The European Space Agency's (ESA) plans to construct Europe's own global satellite navigation system hit a minor snag when the two satellites, launched on August 22, failed to make it to their intended orbit. Galileo 5 and 6 were launched on a Soyuz rocket from the CSG, Europe's Spaceport in French Guiana.
On August 26, ESA said, “Despite the non-nominal orbit, the satellites are safely under control after they were released from the launcher upper stage and their orbital position was determined by the European ground teams deployed at ESOC in Darmstadt, Germany. Controllers there, in cooperation with the satellite manufacturer OHB, confirm the good health and the nominal behaviour of both satellites. A procedure to deploy the solar arrays that had remained partially folded on both satellites was successfully executed on the first satellite in the course of Monday night. A similar procedure will be executed soon on the second satellite.”
ESA said, “Both satellites continue to be kept in a safe state, correctly pointing to the Sun, properly powered and fully under control of the ESA/CNES integrated team and the teams of OHB deployed at ESA’s control centre In parallel, the teams are investigating the possibilities to exploit the satellites to their best despite the non-nominal injection orbit and within the limited propulsion capabilities of the satellites.”
This isn't the only problem facing the Galileo constellation. Peter B. de Selding, in his article Galileo Glitches Remain a Mystery, writes that on August 20, ESA said that it has still not determined what caused a sudden power drop in May aboard one of the four Galileo satellites previously launched. ESA reduced power on all four satellites by 1.5 dB as a precautionary measure. ESA officials said this small drop in power “will have no perceptible effect for Galileo system users.” Selding's article describes the ESA investigation, which includes examining different failure scenarios, asking satellite component builders to reproduce certain components for testing, and tilting the affected satellite to assess radiation pattern changes on the spacecraft's L-band antenna.

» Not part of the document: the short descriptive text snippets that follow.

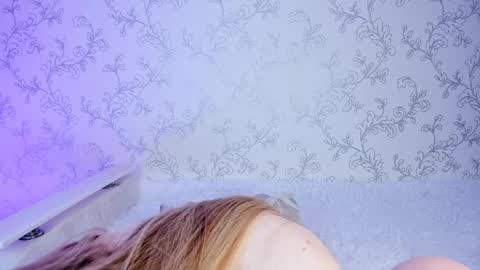 Snapshot of milky_waybaby chatting on 02/05/25, 11:12 Vivian online show from 02/05/25, 11:12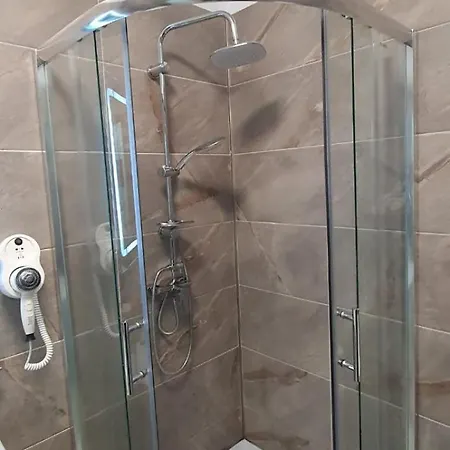 Luxury Cu Centru Spa Piscina Interioara Incalzita Sauna Jacuzzi Gym *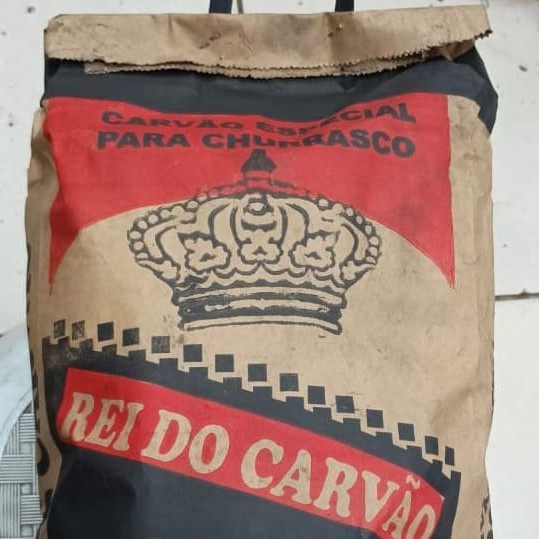 Carvão vegetal para churrasco. 2.500k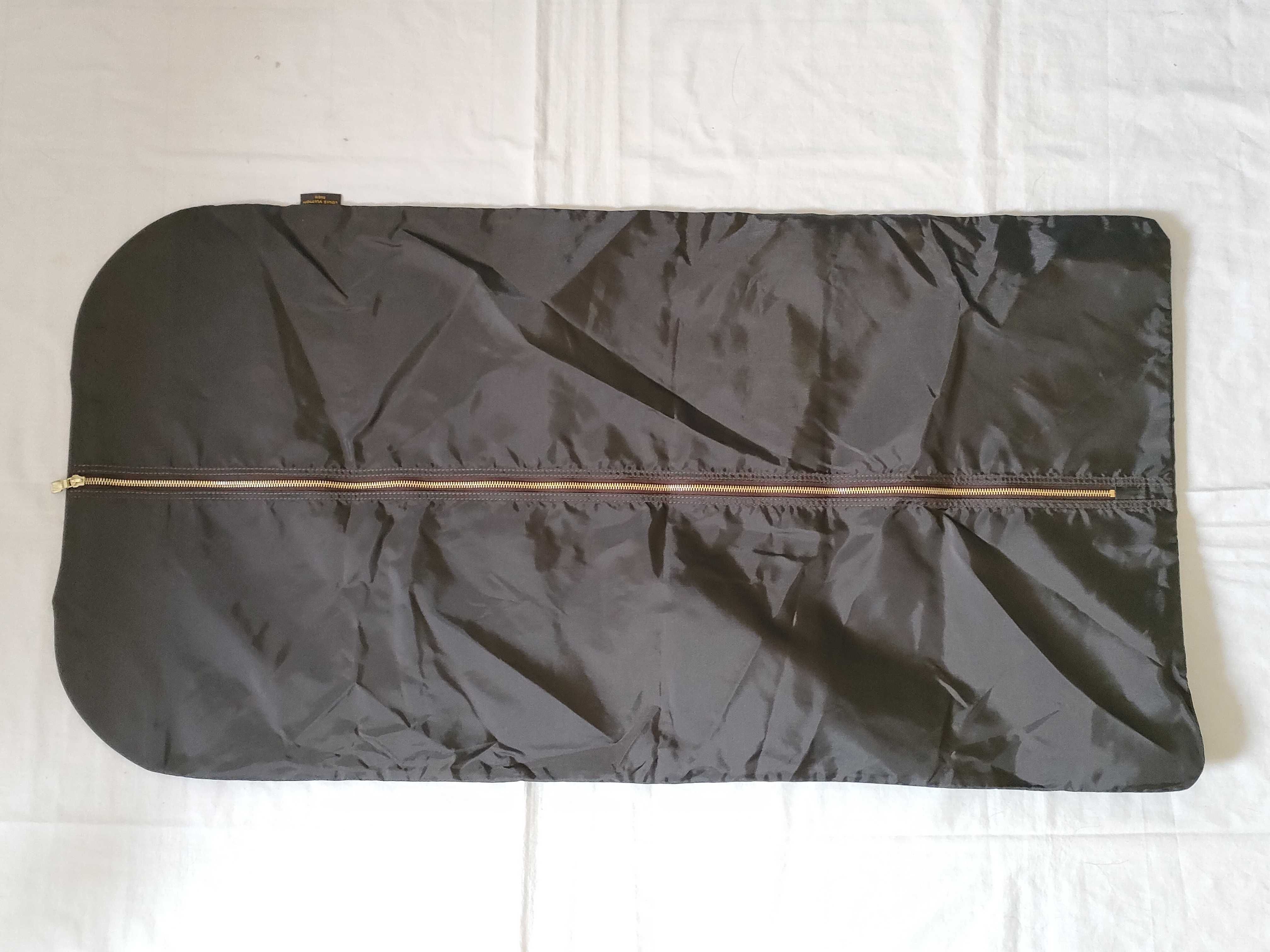 Garment Bag — view 10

UPDATE: Rianovosti has reported the Galileo Satellites Incident Likely Result of Software Errors. An unnamed source from Russian space agency Roscosmos reportedly told Izvestia, "The nonstandard operation of the integrated management system was likely caused by an error in the embedded software. As a result, the upper stage received an incorrect flight assignment, and, operating in full accordance with the embedded software, it has delivered the units to the wrong destination."